Content




British Premier League I

Code location: PremierLeague3



This example shows application of DDR to prediction of outcomes of football matches. Since most number of readers do not have experience in sports betting, we have to start this article from short introduction. The picture below shows snapshot of bookmakers' offers from oddsportal.com



Symbols $1X2$ in upper right corner is a label denoting the bet type: HOME-DRAW-AWAY, which means bettor can bet money on home team wins, away team wins or draw. The left team in the list plays at home and right team plays away. In the game of Chelsea-Bournemouth, Chelsea is favorite, its chances to win is over 50%, negative number -323 means that bettor has to bet 323 in order to win 100 in case Chelsea actually wins. Bournemouth is underdog, its chances to win is below 50% and positive number 907 means that bettor can win 907 by betting 100 on away win. And, obviously, bettor can bet on draw 100 and win 461 in the case of draw. When bettor wins he/she received published amount and his/her bet back.

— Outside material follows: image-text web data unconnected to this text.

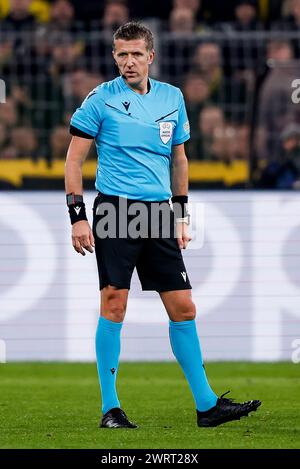 DORTMUND , GERMANIA - 13 MARZO: L'arbitro Daniele Orsato guarda durante la partita di UEFA Champions League 2023/24 tra Borussia Dortmund e PSV Eindhoven Foto Stock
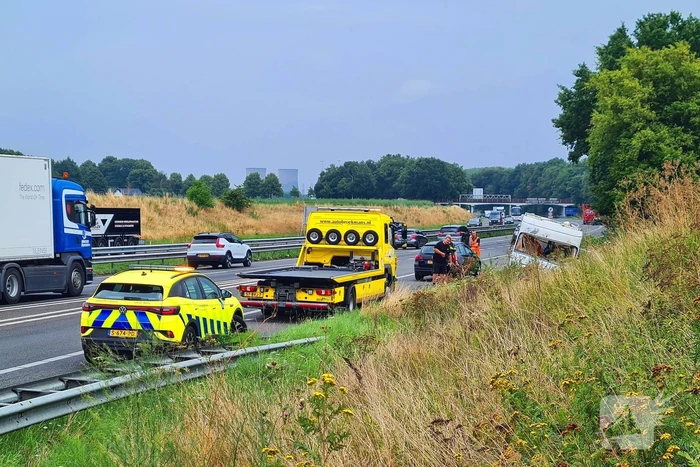 Bestuurder verliest macht over camper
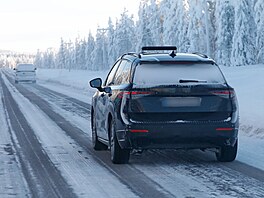 Maskovaný prototyp elektomobilu �koda Epiq p�i testech na sn�hu.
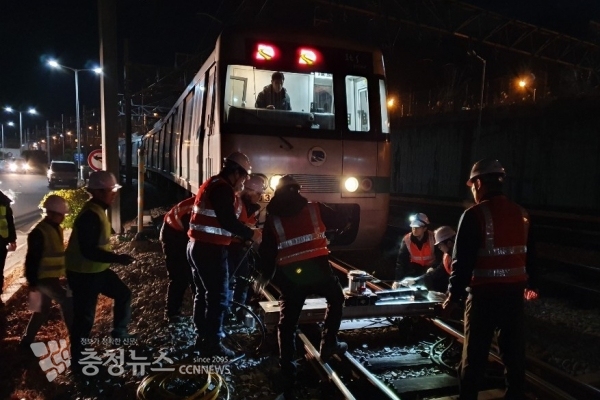 불시 비상대응훈련 중 도시철도공사 직원들이 탈선한 전동차 복구를 위해 선로 궤간을 측정하고 있다.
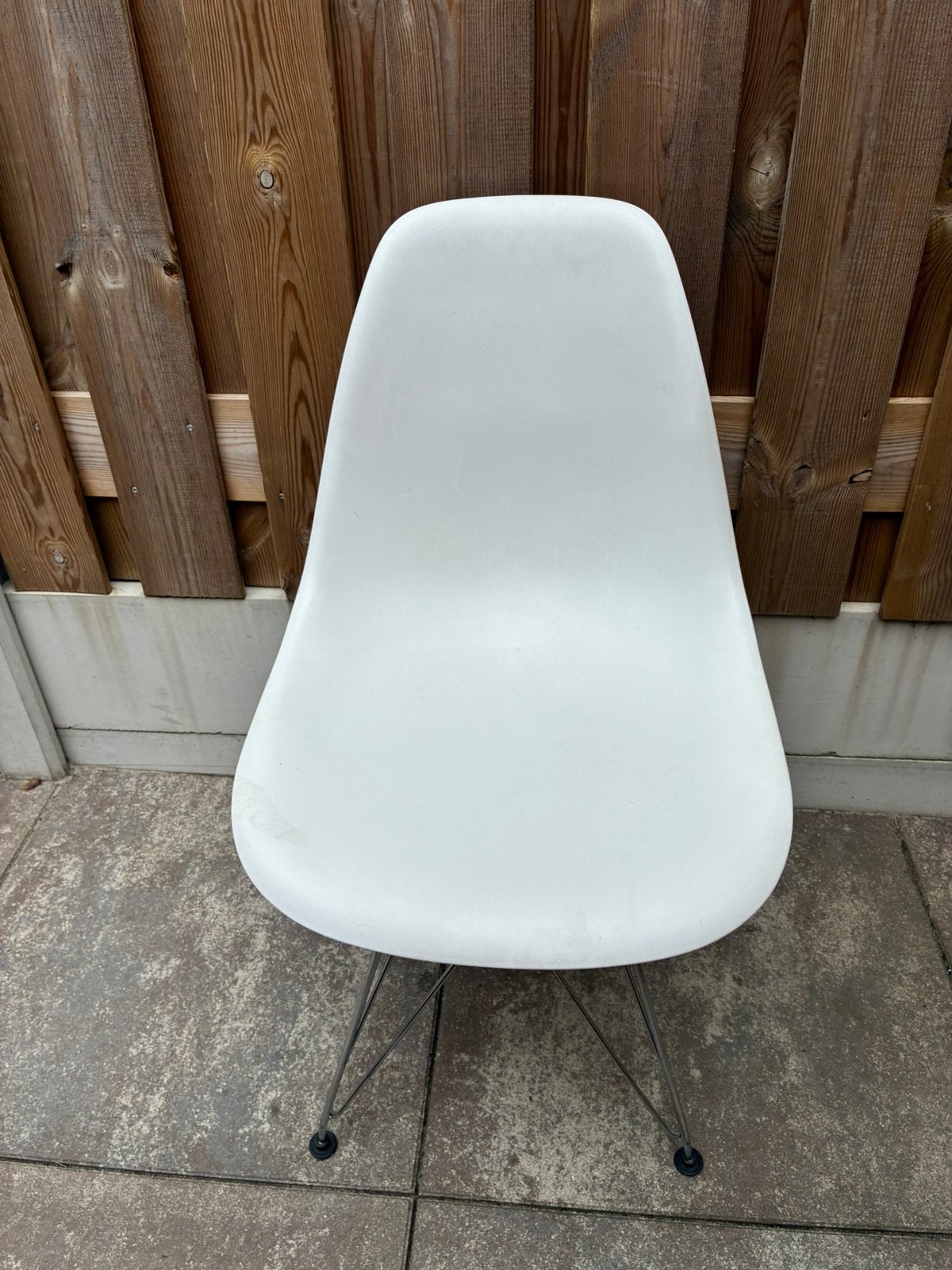 4 nette witte eettafel stoelen, Ophalen, Kunststof, Wit, Zo goed als nieuw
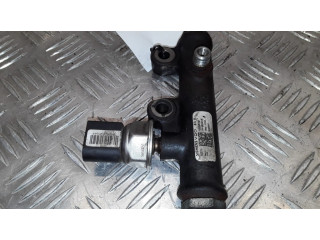 Топливная рампа 4R8Q9C066AB, A2C20001297 Jaguar S-Type 2.7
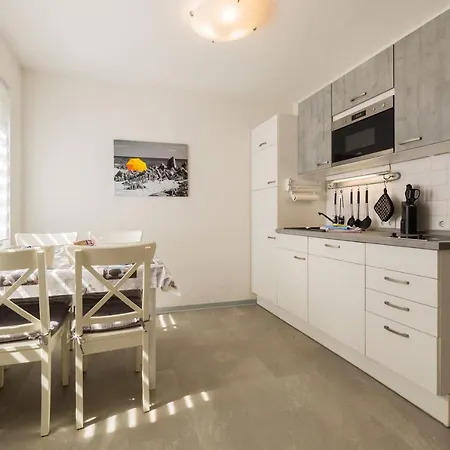 Ferienhaeuser Hitthim - Enddorn Baabe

Obviously, the bets are calculated using estimated probabitlities of all outcomes and with the condition of providing some profit for bookmakers, typically it is near 5% of total betting amount. That means that near 95% of all monies move from one bettor to another. On that reason random betting leads to small loosing, near 5% of average bet.

The explanation of how and why it is possible to win money by mathematical modelling is very simple. Assume that bookmakers models are very accurate, but public has bias, prejudice and favorite teams and people are betting on HOME in a disproportional number. In this case bookmakers make other bets more attractive and raise AWAY winning amount. Assume that actual chance to win for AWAY team is 1/8 and not 1/10. That means statistically bettor loose 700 and wins 907 in each virtual 8 repetitions. And software only needs to identify slightly underestimated outcomes, which are present not because bookmakers don't use AI models, but because they have to adjust their bets to biased public.

Inputs and outputs

The inputs are names of teams and the outputs are classes HOME, DRAW, AWAY, but we use regression model, so we need convert it all to real inputs and outputs. We can train model on goal difference and the predicted difference becomes a real number. Then we round it to an integer and determine the outcome. The names of teams are converted to positions in the current standings. The standings is a sorted list by the end of the season, here is example:

Standings for 2019-2020, British Premier League


We can assign integers 0 through 19 to teams and for the match Liverpool-Chelsea the inputs become $[0,3]$ for the next season 2020-2021. There is, however, two problems. Bottom 3 teams are relegated and 3 new teams are introduced. So we simply replace relegated team names by new names and first problem solved. Second, we have to account new results. So after each match, we simply replace old result by new and recompute the positions according to British Premier League scoring rules which use number of winning matches, number of draws and goals. So after the match, Liverpool and Chelsea may change positions in standings and assigned different input values in the next preditions.

Training

Having historical records for all scores and standings from 2004 through 2019, we trained DDR model with Kolmogorov-Arnold representation as deterministic component. The historical data is publically available in multiple places, we used oddsportal.com.

Prediction

The predicted season is 2019-2020. As it was noticed by some other authors and confirmed in our tests, it is very hard to accurately predict the DRAW. On that reason we excluded DRAW and predict either HOME or AWAY depending on the sign of predicted goal difference. The printed by code summary is below:



Providing bookmakers bets and winning points and having estimated probabilities, the program selects the highest profit and not the most probable outcome. After placing the bet the code reads actual result and updates the balance. The number of playing teams is 20, each playing with each at home and away, so there are totally 380 matches. The program bets on each, although some could be skipped for higher profit. Interesting, that our AI decides to bet on underdogs, it shows 124 right predictions out of 380. If to bet always on favorites, the number of right predictions will be near 50%, but the balance will be negative, lost of 5% to 15% of money. The code is not specifically written to choose underdogs, it is result of a training. Betting on underdogs in all matches lead to lost, it should be selected case. The amount $5553.46 is the profit that could be obtained by following the logic. The profit varies in different runs of code due to random starting points. It may be from 5% to 25%.

Don't try that at home

Answer to the question 'Do you play?' is 'No'. There are several reasons for that, but I refrain from explanation.